▸ **Exercise requirements**: Set down the data again exactly. Pictures are not part of the copy.
BEGIN Stored data
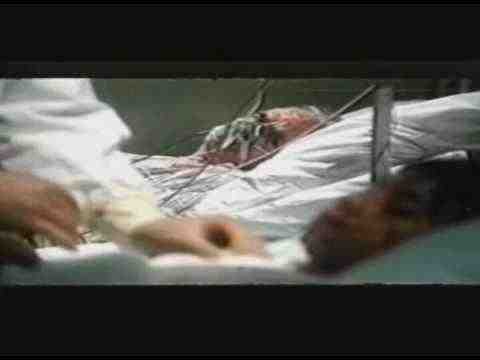 Variola vera - trailer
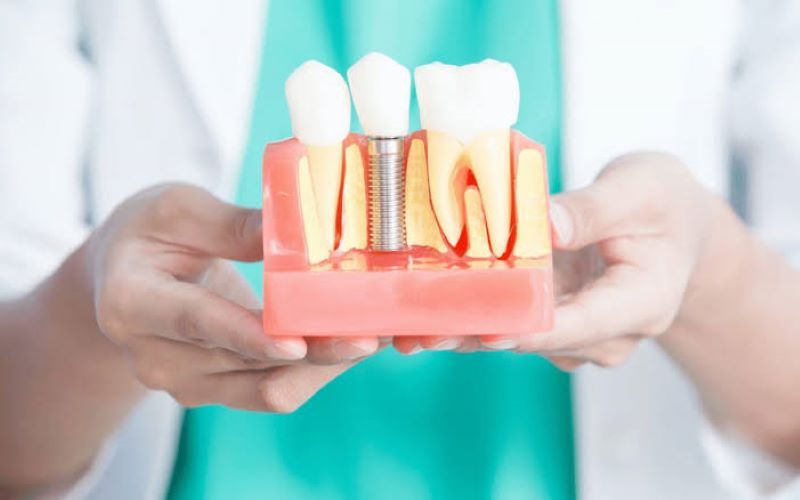 Nha khoa Đông Nam có chính sách bảo hành Implant dài hạn
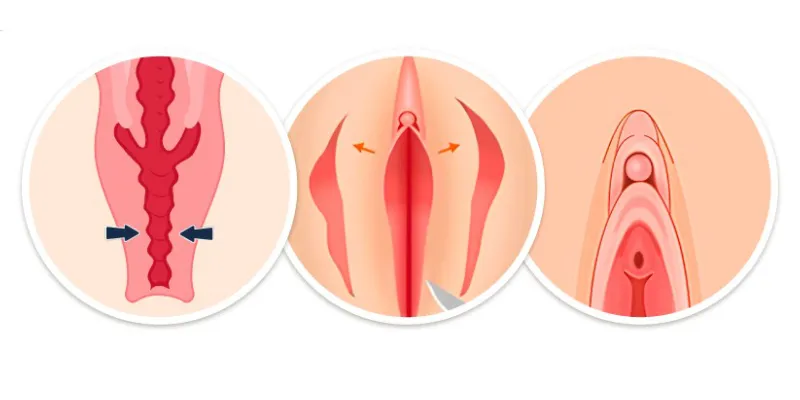 Có nên phẫu thuật thu hẹp vùng kín không? Ưu nhược điểm so với laser là gì? 4 phẫu thuật thu hẹp vùng kín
END Stored data
▸ **Written reply**:
 Variola vera - trailer
 Nha khoa Đông Nam có chính sách bảo hành Implant dài hạn
 Có nên phẫu thuật thu hẹp vùng kín không? Ưu nhược điểm so với laser là gì? 4 phẫu thuật thu hẹp vùng kín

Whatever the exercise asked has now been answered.